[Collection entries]
::::::::
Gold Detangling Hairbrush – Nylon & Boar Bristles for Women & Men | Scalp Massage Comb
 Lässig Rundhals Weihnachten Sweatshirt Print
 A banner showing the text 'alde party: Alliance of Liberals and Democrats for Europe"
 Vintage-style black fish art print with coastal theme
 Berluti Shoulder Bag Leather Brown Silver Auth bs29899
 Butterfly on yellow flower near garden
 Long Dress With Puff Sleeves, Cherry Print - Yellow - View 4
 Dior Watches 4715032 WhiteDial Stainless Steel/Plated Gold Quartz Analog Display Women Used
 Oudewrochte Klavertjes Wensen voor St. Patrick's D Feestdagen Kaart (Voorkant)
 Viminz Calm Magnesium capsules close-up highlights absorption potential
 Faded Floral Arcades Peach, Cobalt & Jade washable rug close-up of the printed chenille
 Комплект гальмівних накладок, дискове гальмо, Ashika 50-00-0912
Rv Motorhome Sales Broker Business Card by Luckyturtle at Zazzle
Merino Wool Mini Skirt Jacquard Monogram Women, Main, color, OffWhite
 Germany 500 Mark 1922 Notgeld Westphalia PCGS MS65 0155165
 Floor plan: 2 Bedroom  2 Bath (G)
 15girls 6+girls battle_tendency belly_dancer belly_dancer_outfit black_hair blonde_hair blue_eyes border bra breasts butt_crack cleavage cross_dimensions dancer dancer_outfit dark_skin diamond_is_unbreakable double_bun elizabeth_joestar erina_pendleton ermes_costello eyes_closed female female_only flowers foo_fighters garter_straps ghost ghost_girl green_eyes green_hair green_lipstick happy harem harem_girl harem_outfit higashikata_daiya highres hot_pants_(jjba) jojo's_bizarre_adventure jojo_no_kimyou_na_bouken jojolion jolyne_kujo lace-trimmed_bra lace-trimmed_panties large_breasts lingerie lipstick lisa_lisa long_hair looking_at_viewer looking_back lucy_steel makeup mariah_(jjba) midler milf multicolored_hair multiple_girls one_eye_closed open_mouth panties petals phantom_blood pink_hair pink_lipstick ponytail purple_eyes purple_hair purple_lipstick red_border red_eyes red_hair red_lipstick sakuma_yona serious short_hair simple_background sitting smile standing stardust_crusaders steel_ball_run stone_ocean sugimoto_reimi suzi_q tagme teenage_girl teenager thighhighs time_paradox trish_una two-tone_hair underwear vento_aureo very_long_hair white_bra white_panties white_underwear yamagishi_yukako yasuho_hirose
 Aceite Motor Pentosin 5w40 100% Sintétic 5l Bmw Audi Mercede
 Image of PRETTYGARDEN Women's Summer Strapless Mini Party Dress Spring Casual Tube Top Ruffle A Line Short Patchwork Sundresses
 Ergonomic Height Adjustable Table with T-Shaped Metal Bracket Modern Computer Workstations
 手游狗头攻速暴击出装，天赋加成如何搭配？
::::::::
REQUIRED ACTION: Quote the data above verbatim from its first line to the line that includes "Floor plan: 2", with both boundary lines retained.

SOLUTION:
Gold Detangling Hairbrush – Nylon & Boar Bristles for Women & Men | Scalp Massage Comb
 Lässig Rundhals Weihnachten Sweatshirt Print
 A banner showing the text 'alde party: Alliance of Liberals and Democrats for Europe"
 Vintage-style black fish art print with coastal theme
 Berluti Shoulder Bag Leather Brown Silver Auth bs29899
 Butterfly on yellow flower near garden
 Long Dress With Puff Sleeves, Cherry Print - Yellow - View 4
 Dior Watches 4715032 WhiteDial Stainless Steel/Plated Gold Quartz Analog Display Women Used
 Oudewrochte Klavertjes Wensen voor St. Patrick's D Feestdagen Kaart (Voorkant)
 Viminz Calm Magnesium capsules close-up highlights absorption potential
 Faded Floral Arcades Peach, Cobalt & Jade washable rug close-up of the printed chenille
 Комплект гальмівних накладок, дискове гальмо, Ashika 50-00-0912
Rv Motorhome Sales Broker Business Card by Luckyturtle at Zazzle
Merino Wool Mini Skirt Jacquard Monogram Women, Main, color, OffWhite
 Germany 500 Mark 1922 Notgeld Westphalia PCGS MS65 0155165
 Floor plan: 2 Bedroom  2 Bath (G)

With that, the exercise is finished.